It’s inflexible in an age where we’re often in flux  

Science is not a static pursuit. We learn all the time through technology, understanding the human body, cognitive function and how we operate generally. With each new piece of information comes the potential to infringe on someone’s rights through simply not understanding the changes these advances bring. And that influences every aspect of care, especially at a time where technological advancement is moving so rapidly.

It’s susceptible to our influence

Humans are wonderfully talented, caring, creative beings. We have the ability to problem-solve and innovate. And we’re fundamentally geared towards connection and creating systems that support each other as a means of survival. But we’re also working with creatures that are inherently competitive, stubborn and prone to stress and negative emotions. We cannot expect people to understand an individual’s needs when we’re often grappling with how to meet our own. Not if those needs aren’t documented.
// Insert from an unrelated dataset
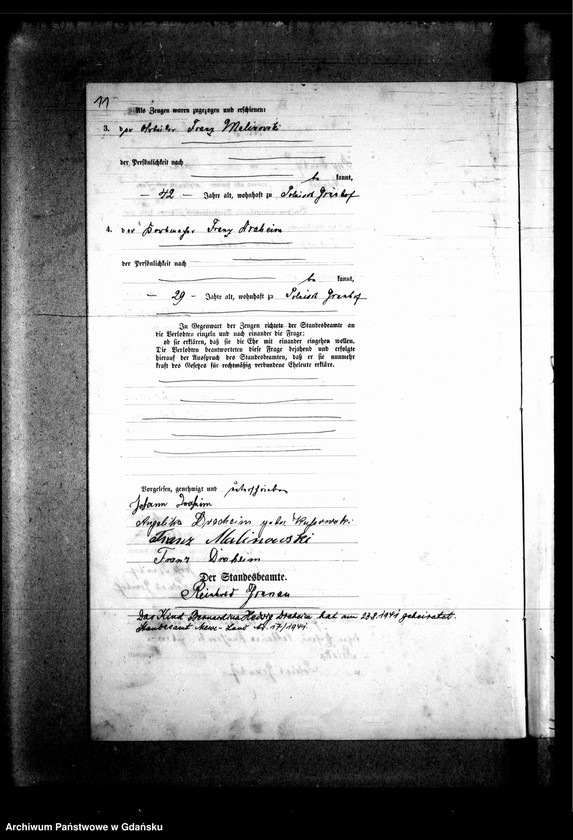 image.from.unit.number "Księga małżeństw"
It’s influenced by economics

It’s very difficult to meet the needs of every single person without a clear blueprint of how to action what that looks like. Especially when you have already got documented sometimes competing interests such as the budget, the resources available and end-goals that satiate fiduciary concerns over that of the person. We need money to be able to provide care – but there is not a never-ending supply. Finding a balance between the needs of financial side of care while also providing that care becomes so much easier when we understand the individuals we’re caring for.
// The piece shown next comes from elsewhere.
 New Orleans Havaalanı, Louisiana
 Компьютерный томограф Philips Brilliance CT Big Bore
Documenting values creates a roadmap

There’s no denying that all care providers are doing their level best to move forward to a far more person-centred, rights-based care model in Australia. There is plenty of oversight and pressure to shift the disability and aged care sectors to models that promote individual care.

And on a systemic level, the accountability is there.

But what we need to do is promote how empowering values-based care is to all Australians. We have to stop waiting for the system to accept us as people with disabilities or who are ageing into the system to finally talk about care that is centred on the individual.

We have to build processes that promote all kinds of people articulating their care wishes and working through the process of understanding what they want from their care-based experiences. If you think about the application of rights-based care, it can give a pregnant mother looking to give birth for the first time just as much peace of mind and individual say in their situation as an elderly woman with dementia looking to enter aged care for the time.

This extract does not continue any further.